Mechanical power press point of operation safeguards must accomplish the following goals:

  • Prevent or stop the normal press stroke if the operator’s hands are in the point of operation; or
  • Prevent the operator from reaching into the point of operation as the die closes; or
  • Withdraw the operator’s hands if inadvertently placed in the point of operation as the die closes; or
  • Prevent the operator from reaching the point of operation at any time; or
  • Require the operator to use both hands for the machine controls that are located at such a distance that the slide completes the downward travel or stops before the operator can reach into the point of operation; or
  • Enclose the point of operation before a press stroke can be started to prevent the operator from reaching into the danger area before die closure or enclose the point of operation prior to stoppage of the slide motion during the downward stroke.

    Source: 29 CFR 1910.217(c)(3)(i).

“No Hands-in-Die” Policy

In general, a “no-hands-in-die” policy needs to be implemented and followed whenever possible – that is, in the event the press is not designed for “hands-in-die” production work. Under this policy, operators must never place their hands in the die area (point-of-operation) while performing normal production operations. Adherence to this safety practice will reduce the risk of point of operation amputations.

In terms of part-revolution mechanical power presses that use a two-hand control, presencesensing device or type B gate, OSHA does allow “hands-in-die” operation if the press control reliability and brake monitoring system requirements are met. If these press design safety features are not complied with, then employers must incorporate a “no-hands-in-die” policy.

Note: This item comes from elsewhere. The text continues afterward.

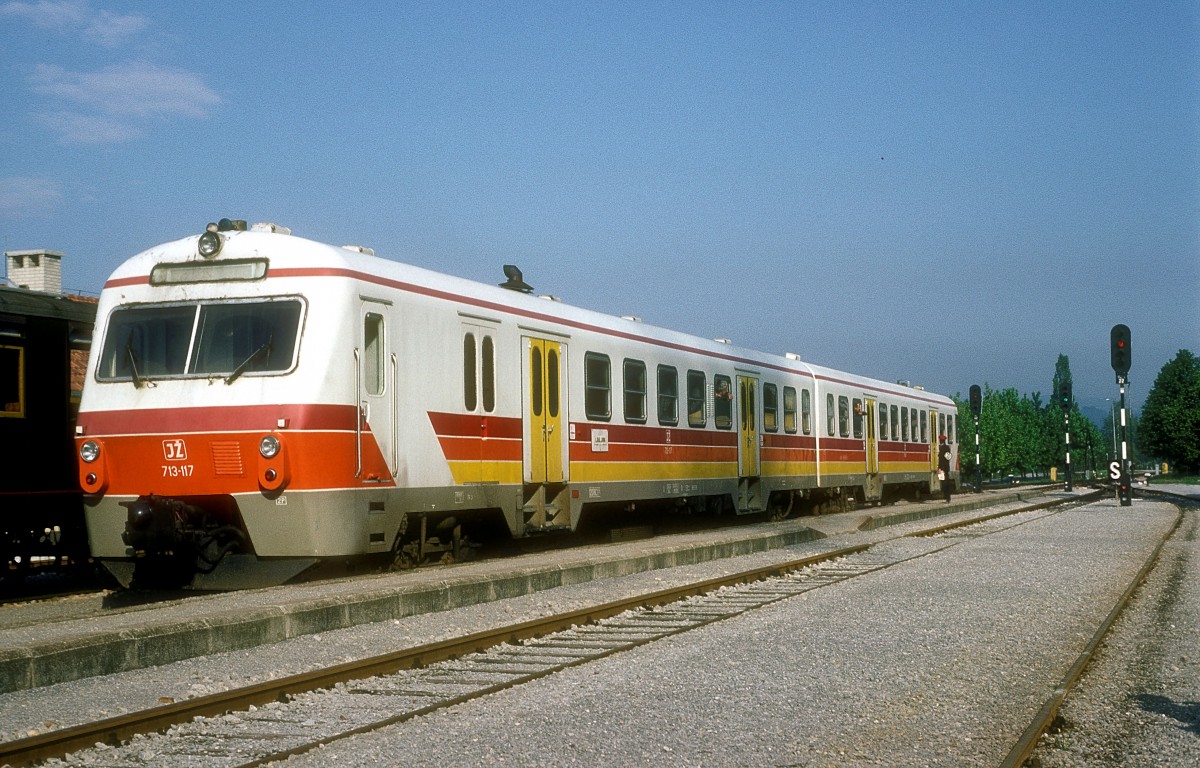  713 117  Ljubljana - Rakovnik  03.05.89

Source: 29 CFR 1910.217(c)(5).

Other Controls for Mechanical Power Press Servicing and Maintenance

Secondary safeguarding methods may be used alone or in combination (to achieve near equivalent protection) only when the employer can show that it is impossible to use any of the primary safeguarding methods. The following are some work practices, complementary equipment and energy control measures that may be used to supplement primary safeguarding:

  • If employees operate presses under a “nohands-in-die” policy using complementary feeding methods such as hand-tool feeding, employers still must protect operators through the use of primary safeguarding methods, such as a properly applied two-hand control or trip safeguarding device. Hand-tool feeding alone does not ensure that the operator’s hands cannot reach the danger area. (Figure 24 illustrates the use of hand-feeding tools in conjunction with pullbacks on a power press.)
    Hand-Feeding tools Used in Conjunction with Pullbacks on a Power Press
     
  • Removing scrap or stuck work with tools is required even when hand feeding is allowed according to 29 CFR 1910.217(d)(1)(ii). Employers must furnish and enforce the use of hand tools for freeing or removing work or scrap pieces from the die to reduce the amount of time an operator’s hand is near the point of
    operation.
     
  • Control point of operation hazards created when guards are removed for set-up and repair by operating the machine in the inch mode. This involves using two-hand controls (or a single control mounted at a safe distance from the machine hazards) to gradually inch the press through a stroke when the dies are being tested on part-revolution clutch presses.
     
  • Observe energy control procedures and practices for press servicing and maintenance work. For example, the changing of dies on a mechanical power press requires the employer to establish a die-setting procedure that employs pointof-operation safeguarding method(s) such as the safe usage of an inch or jog safety device for die set-up purposes together with LOTO. These devices safely position the mechanical power press slide utilizing a point-of-operation safeguarding technique. Thus, an energy control procedure for these types of presses would need to integrate both point-of-operation safeguarding method(s) for slide positioning as well as LOTO procedures for the die setting operation.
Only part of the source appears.